### Your task
Reproduce every record below exactly, with the pictures left out.

### The input

######

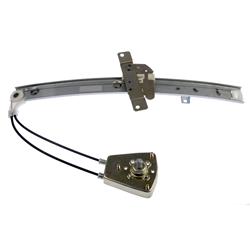 Dorman Window Regulators for 1992-1994 CAMRY - 749-208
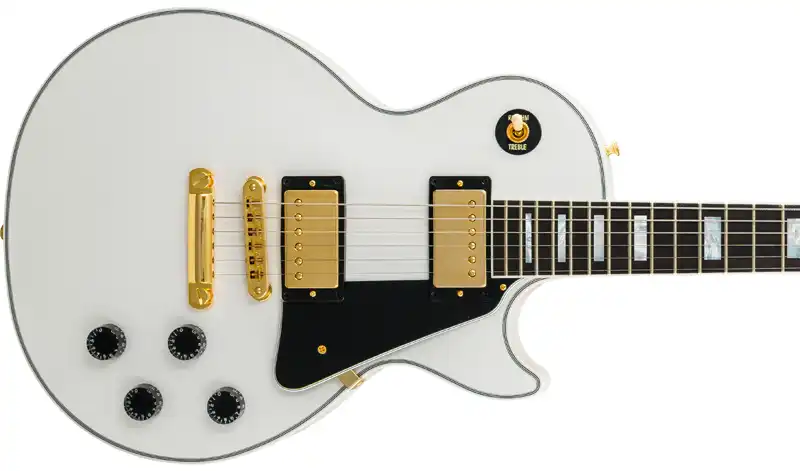 2 Tapas de Arce Plain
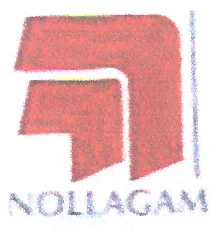 NOLLAGAM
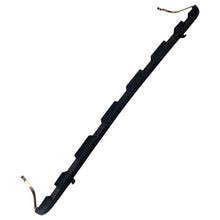 Defletor Ar Teto Solar BMW X4 28i 2015 2016 2017 2018 Cortina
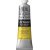 Peinture  l'huile W&N Artisan Hydrosoluble 37ml - 119 Jaune de cadmium teinte ple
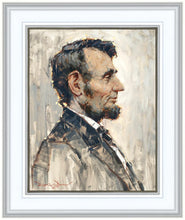 Load image into Gallery viewer, A Nation's Hero
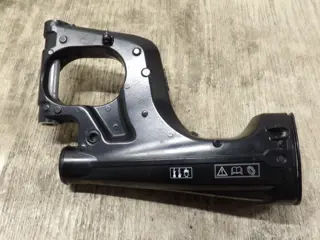 CARDAN Triumph Tiger 1200 XRT 2017 - 2018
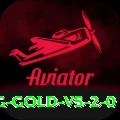Ow777 Gaming Gold v5.2.0
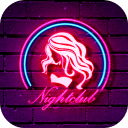 夜电 夜电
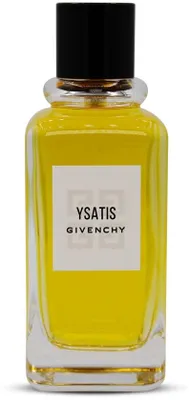 Image de Givenchy - Ysatis EDT 100ml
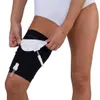 Comfizz poche urinaire/bag cuisse, suspensoir , Voir les images du produit 2
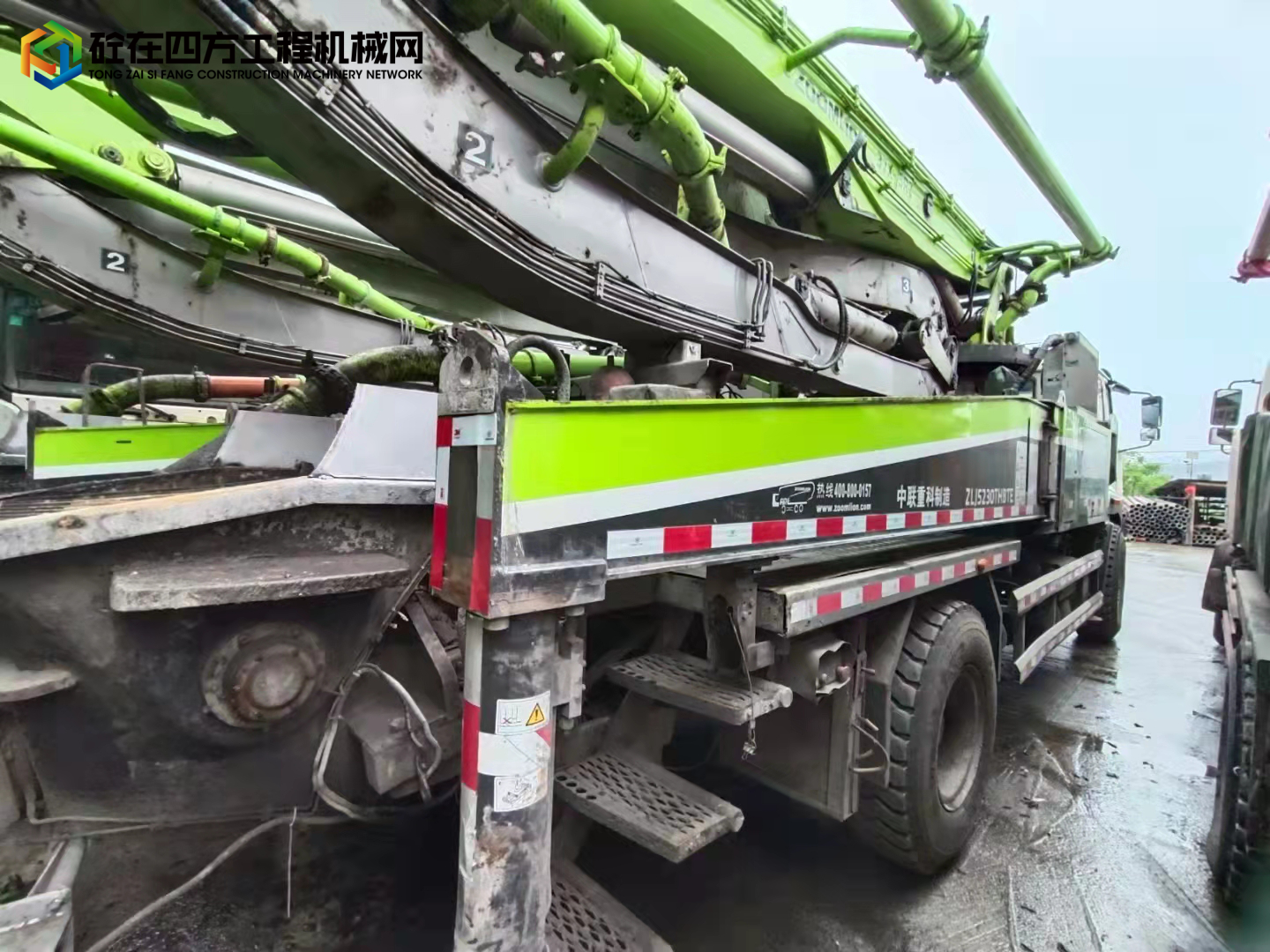 https://images.tongzsf.com/tong/truck_machine/20220408/1624f865c2fc10.jpg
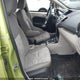 3FADP4EJXDM163270 2013 Ford Fiesta Se auction photo thumbnail 5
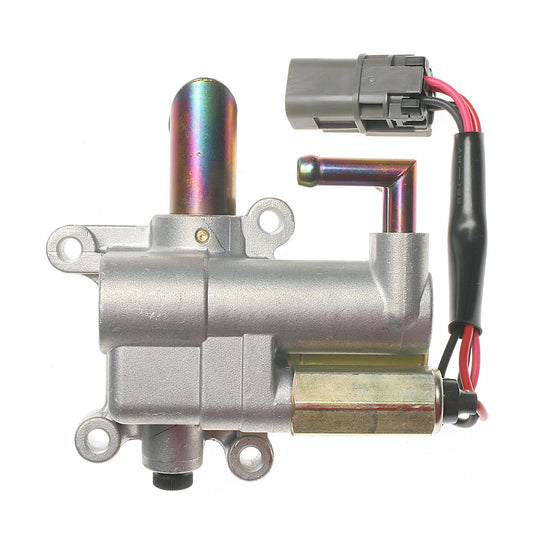 AC81 Standard Ignition Idle Air Control Valve Standard Ignition Canada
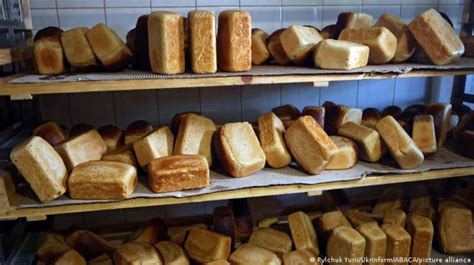 Investors Cash in on Food Commodities as the Poor go Hungry | NewsClick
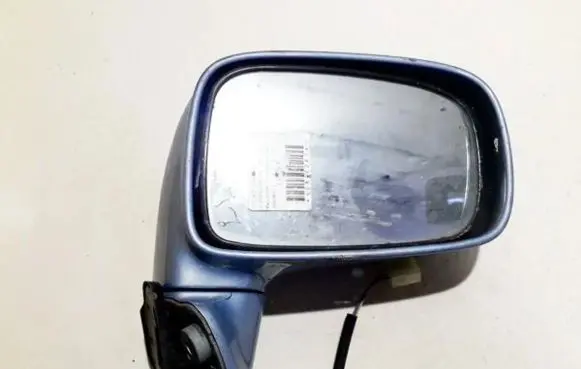 Suzuki Liana Front door electric wing mirror e4012162 e4022162
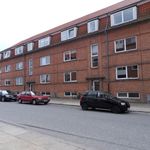 Rent 4 bedroom apartment of 120 m² in Randers NV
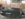C96A98DB-0B95-4BE9-B7EC-971E6BE21A78.jpeg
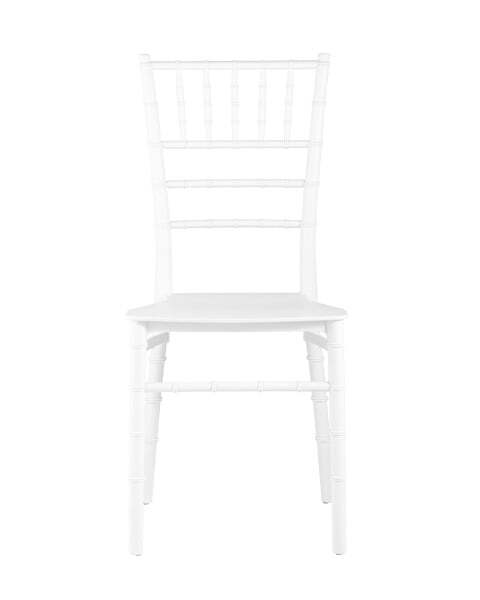 stul-bride-plastik-belyj_White__1_.jpg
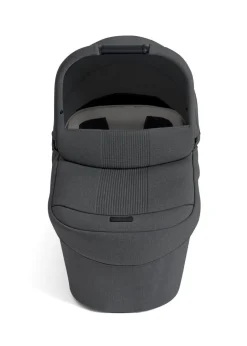 Joie Signature Kinderwagen Vinca Ebony
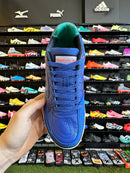 JOMA TOP FLEX REBOUND IC + BRINDE (PRONTA ENTREGA)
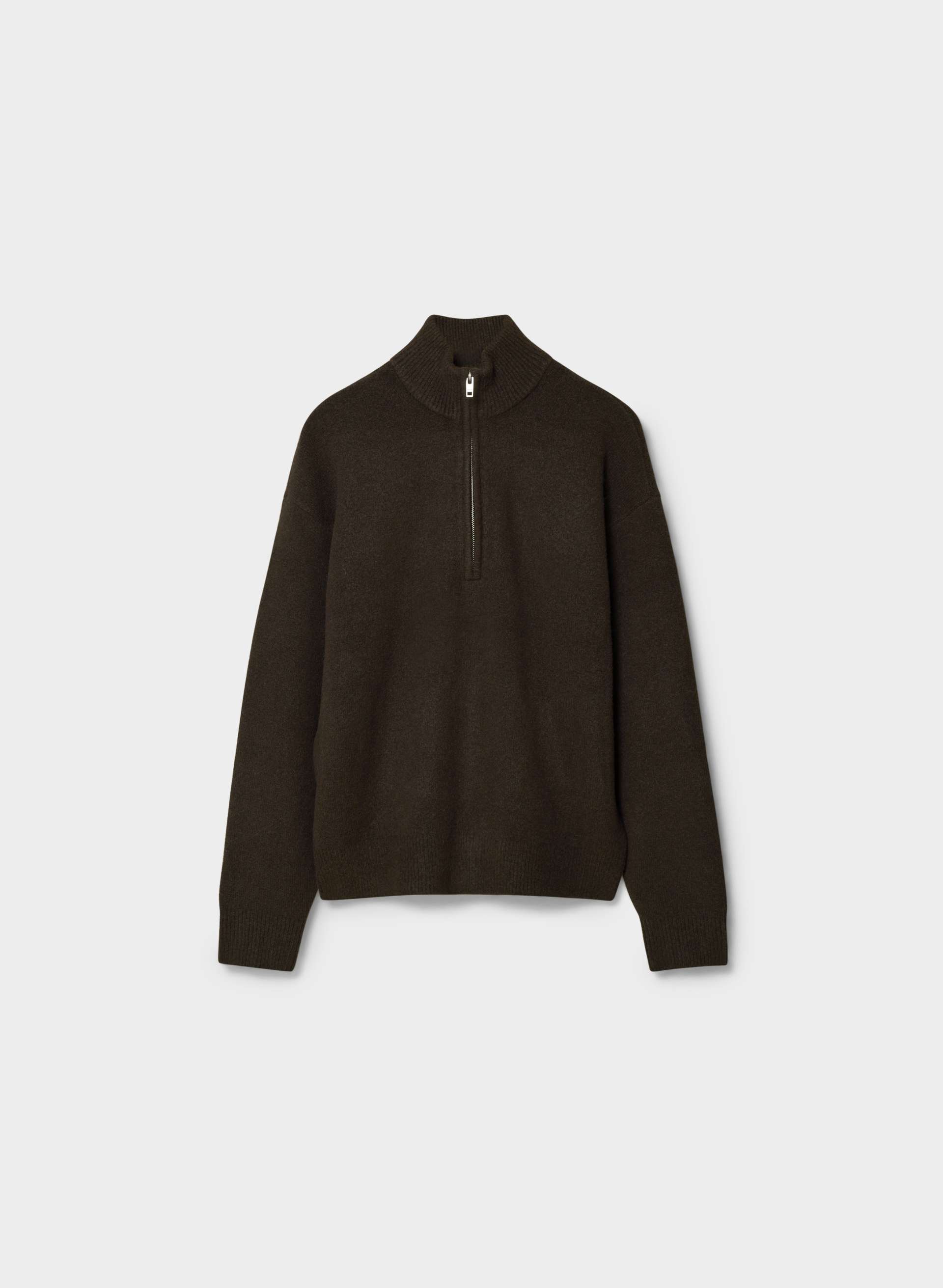 AXLE SWEATER | Aritzia
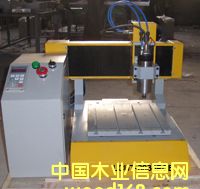 �c(di��n)���鿴��̙C(j��)��Ԕ��(x��)�Y��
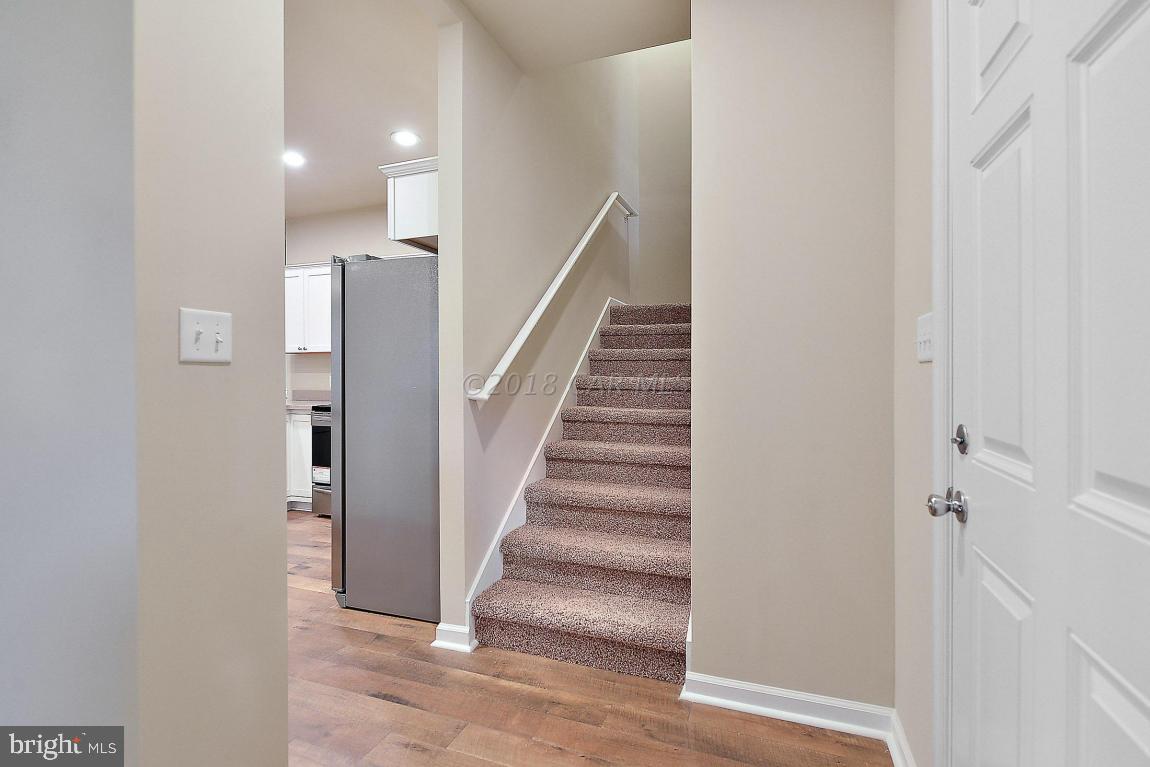 93 Pinehurst Road Ocean Pines, MD 21811 - Photo 21 of 35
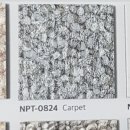 애니락PC방 이미지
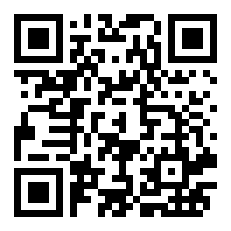 1月1日泸州疫情最新通报 四川泸州最近疫情最新消息数据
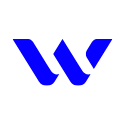 WanderAssist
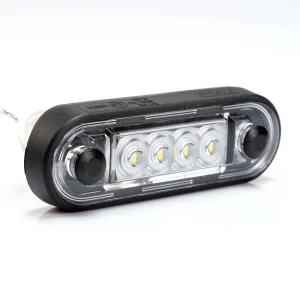 Fristom FT-073 BZ LED Marker Light
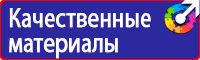 Предупреждающие знаки опасности по охране труда в Екатеринбурге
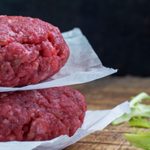 How to Make Your Own Ground Beef Using a Food Processor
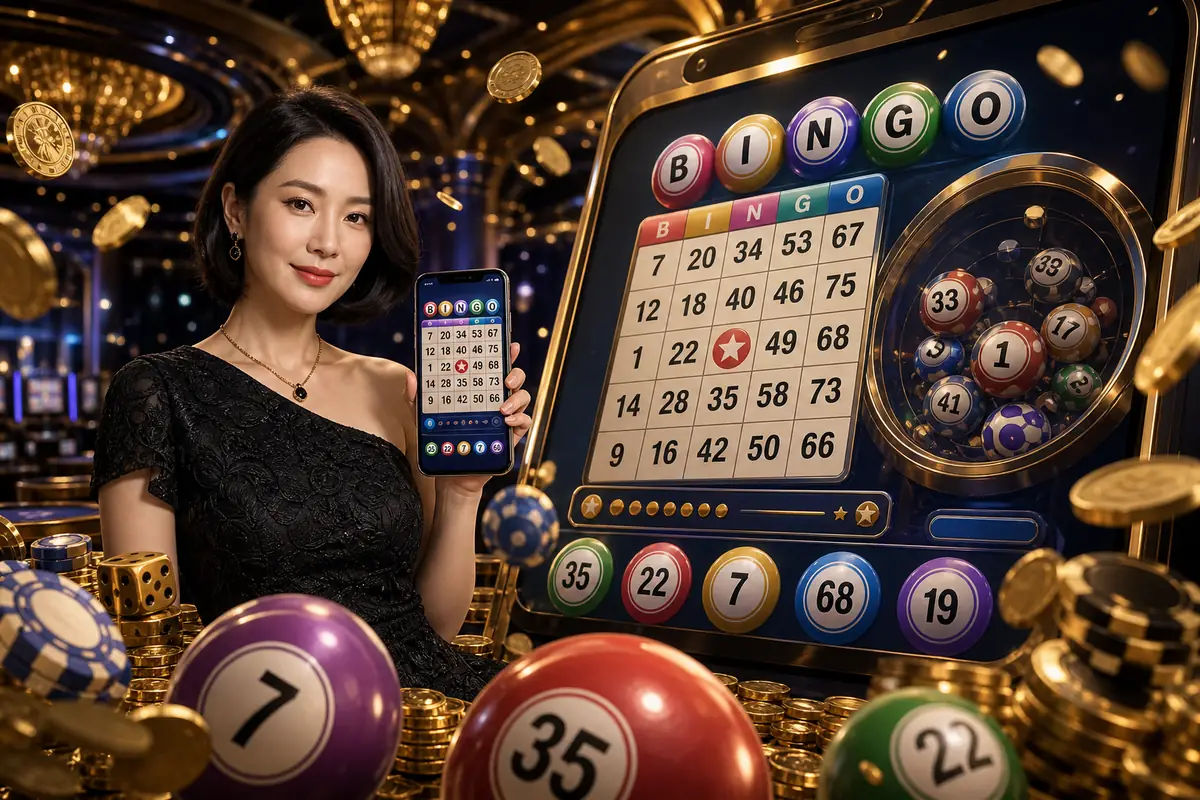 4d888 baccarat online meja dealer langsung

######

### Solved problem
 Dorman Window Regulators for 1992-1994 CAMRY - 749-208
 2 Tapas de Arce Plain
 NOLLAGAM
 Defletor Ar Teto Solar BMW X4 28i 2015 2016 2017 2018 Cortina
 Peinture  l'huile W&N Artisan Hydrosoluble 37ml - 119 Jaune de cadmium teinte ple
 Load image into Gallery viewer, A Nation's Hero
 CARDAN Triumph Tiger 1200 XRT 2017 - 2018
Ow777 Gaming Gold v5.2.0
 夜电 夜电
 Image de Givenchy - Ysatis EDT 100ml
 Comfizz poche urinaire/bag cuisse, suspensoir , Voir les images du produit 2
 https://images.tongzsf.com/tong/truck_machine/20220408/1624f865c2fc10.jpg
 3FADP4EJXDM163270 2013 Ford Fiesta Se auction photo thumbnail 5
 AC81 Standard Ignition Idle Air Control Valve Standard Ignition Canada
 Investors Cash in on Food Commodities as the Poor go Hungry | NewsClick
 Suzuki Liana Front door electric wing mirror e4012162 e4022162
 Rent 4 bedroom apartment of 120 m² in Randers NV
C96A98DB-0B95-4BE9-B7EC-971E6BE21A78.jpeg
 stul-bride-plastik-belyj_White__1_.jpg
 Joie Signature Kinderwagen Vinca Ebony
 JOMA TOP FLEX REBOUND IC + BRINDE (PRONTA ENTREGA)
 AXLE SWEATER | Aritzia
 �c(di��n)���鿴��̙C(j��)��Ԕ��(x��)�Y��
 93 Pinehurst Road Ocean Pines, MD 21811 - Photo 21 of 35
 애니락PC방 이미지
 1月1日泸州疫情最新通报 四川泸州最近疫情最新消息数据
 WanderAssist
 Fristom FT-073 BZ LED Marker Light
 Предупреждающие знаки опасности по охране труда в Екатеринбурге
 How to Make Your Own Ground Beef Using a Food Processor
 4d888 baccarat online meja dealer langsung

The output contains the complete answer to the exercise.